Wed Jul 3 10:49:10 PDT 2019

dsanders marked an inline comment as done.
dsanders added inline comments.

================
Comment at: llvm/lib/CodeGen/GlobalISel/LegalizerHelper.cpp:708
+    // don't need to break it apart.
+    if (NarrowTy.getScalarSizeInBits() >= SizeInBits) {
+      Observer.changingInstr(MI);
----------------
Petar.Avramovic wrote:
> dsanders wrote:
> > Petar.Avramovic wrote:
> > > dsanders wrote:
> > > > Petar.Avramovic wrote:
> > > > > dsanders wrote:
> > > > > > Petar.Avramovic wrote:
> > > > > > > What is the idea behind this block, we generate two instructions with types larger then NarrowTy? G_TRUNC and G_SEXT that are generated have to be narrowScalared and then we have a few more merge/unmerge combines to do.  Also LegalizerHelper does not know how to narrow scalar G_TRUNC and G_SEXT at the moment.
> > > > > > It's not possible to eliminate types larger than NarrowTy with a single narrowScalar. narrowScalar's job is to replace this instruction with one or more that work on NarrowTy sized types and some legalization artifacts (G_SEXT and G_TRUNC in this case) which are required to maintain type correctness. Those legalization artifacts are either combined away or further legalized according to their legalization rules.
> > > > > > 
> > > > > > This block aims to optimize the case where all but one of the narrowed components is a wholly a copy of the sign bit. It expects the G_TRUNC and G_SEXT to be either combined away by the artifact combiner or further legalized.

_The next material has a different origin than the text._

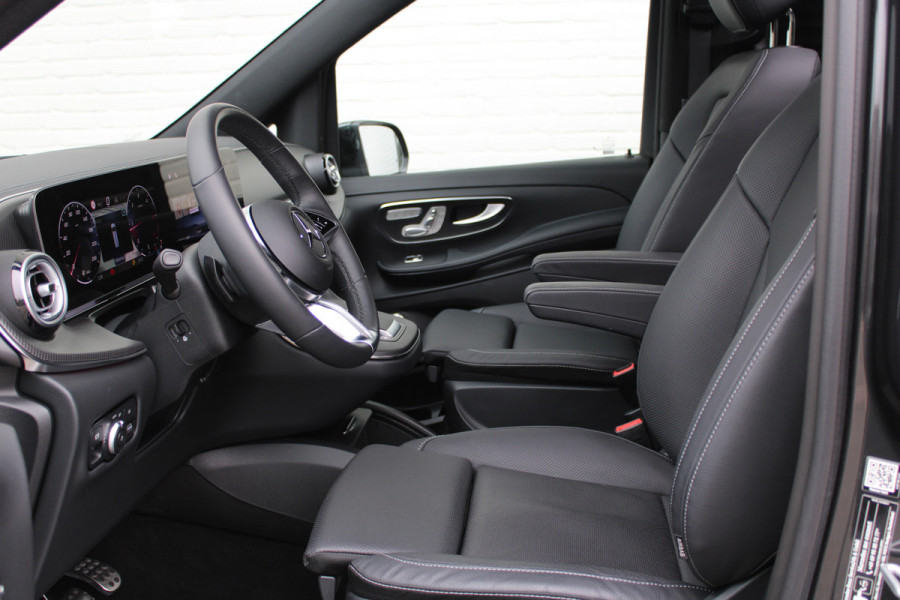 Mercedes-Benz V-Klasse 300d / DC / AMG / 4-Matic / Elec Stoelen / Luchtvering / Panorama / 360 Cam / Burmester / Vol Opties / NIEUWSTAAT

For example: narrowing `%0:_(s32) = G_SEXT %1:_(s32), 8` down to s16 only requires us to preserve the component containing bits 0-15. We can forget about bits 16-31 and reconstruct them with the G_SEXT. This will help chains of instructions to be deleted as they are dead.

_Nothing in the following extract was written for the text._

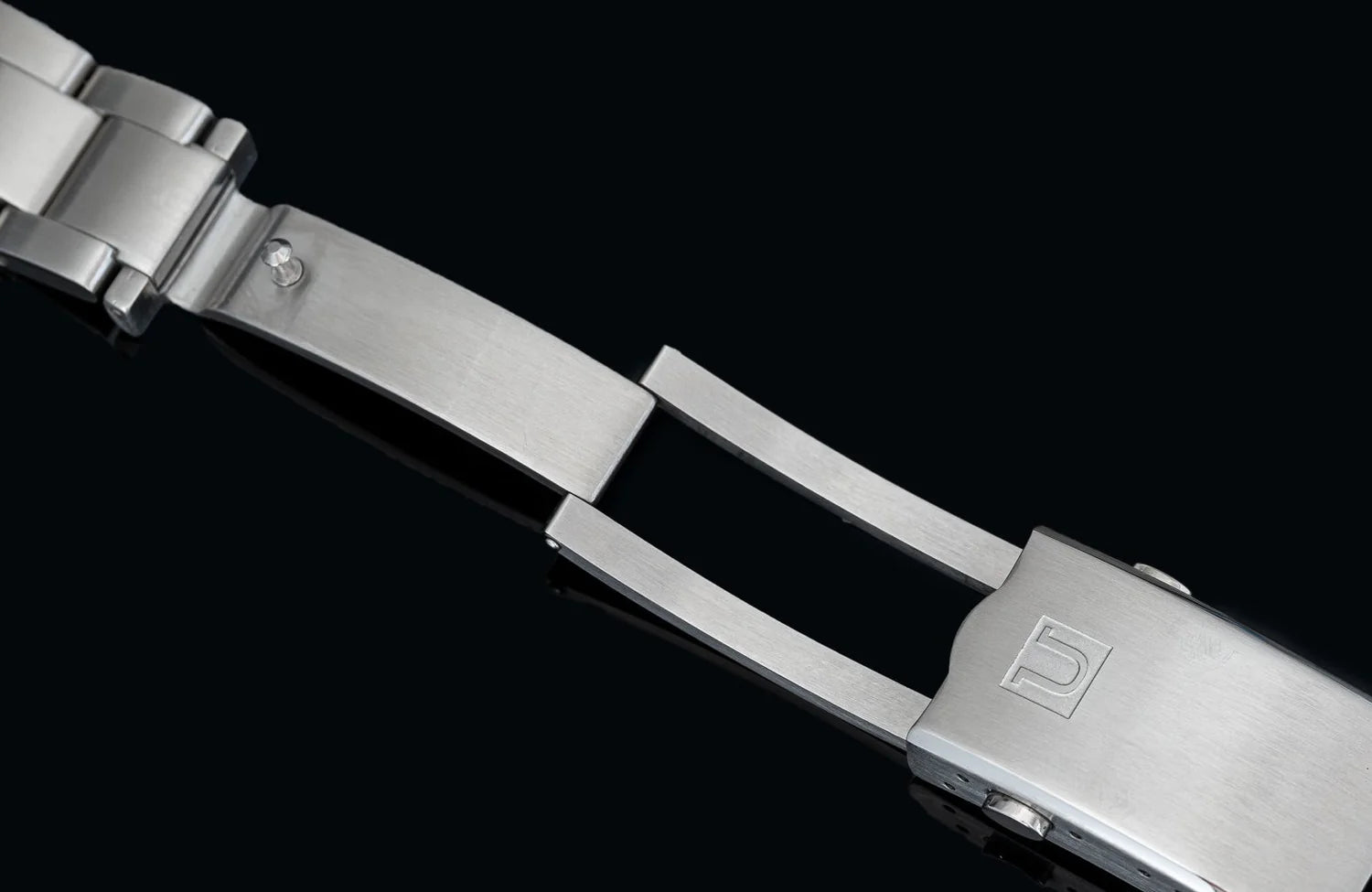 Senator Bracelet (for the Tudor Black Bay 58 GMT)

> > > > > I did not consider situation when G_SEXT(G_SEXT_INREG) could combine away. 
> > > > > Currently G_SEXT can only combine into G_TRUNC.  
> > > > > The use of this G_SEXT is something legal or G_MERGE that is waiting for G_UNMERGE. 
> > > > > We know this since uses are legalized before defs (G_SEXT is def in this context).
> > > > > Yet again if use is legal, then G_SEXT_INREG was legal or something else like lower but not narrow scalar.
> > > > > Are we talking about artifact combiner, or something that is not in tree?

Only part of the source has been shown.